As paixões
acontecem, não se explicam.
As reedições de
meus livros saem iguais às primeiras, apenas as gralhas vão em constante
aumento, Paloma, que os andou relendo para saber o que os personagens comem, me
informa que os erros gráficos se contam aos milhares. Tampouco jamais buli nas
dedicatórias, também elas datadas – mesmo em se tratando de pessoas a quem
deixei de estimar nem assim lhes retirei o nome da oferenda mesmo se retirei o
indivíduo do meu bem-querer. Refiro-me, é claro, às edições brasileiras, as
traduções fogem ao meu controlo. Lá estão os nomes todos, um a um – quando
escrevi o livro estimava os admirava fulano a quem o dediquei, se depois ele se
revelou calhorda, o nome permanece na dedicatória datando a escrita e a
ingenuidade do autor.
José Saramago
não teve este entendimento.
Desde que
conheceu Pilar, as novas edições dos livros, antes dedicados a Isabel da
Nóbrega, passam a não ter essa indicação.
Num lamento,
Isabel da Nóbrega disse que foi uma atitude que não era preciso tomar.
Segundo o
jornalista Luís Leal Miranda (jornal I de 26 de Junho de 2010), Saramago pronunciou-se
por várias vezes sobre o assunto, garantindo que as dedicatórias fizeram
sentido na altura em que essas edições foram publicadas. E essas edições, já
esgotadas, permanecem em sintonia com as inclinações amorosas da altura.
Num outro
registo, Saramago salientou que as dedicatórias permanecem nas edições
correspondentes ao tempo em que os livros foram escritos.
A história é
conhecida.
Depois de ler livros
de José Saramago, principalmente O Ano da Morte de Ricardo Reis, a
jornalista espanhola Maria del Pilar ficou como que encantada.
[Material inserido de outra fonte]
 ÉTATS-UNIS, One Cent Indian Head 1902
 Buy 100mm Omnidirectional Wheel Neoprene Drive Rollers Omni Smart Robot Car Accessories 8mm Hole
Senti que tinha de agradecer ao autor os livros que me
tinha dado a ler. E sobretudo dizer que tinha tratado os seus leitores como
seres inteligentes. Tinha-me sentido respeitada como leitora e quis
agradecer-lhe.
Veio até Lisboa
e conseguiu uma conversa com Saramago.
Tal como na
sinfonia de Beethoven, ambos terão sentido o destino a bater-lhes à porta.
Sabe-se o que
aconteceu.
Desde então, os
livros de José Saramago deixaram de ser dedicados à Isabel para passarem a ser
dedicados a Pilar.
Os dois primeiros livros de José Saramago, Terra do Pecado (1947), Os Poemas
Possíveis (1966), não têm qualquer dedicatória.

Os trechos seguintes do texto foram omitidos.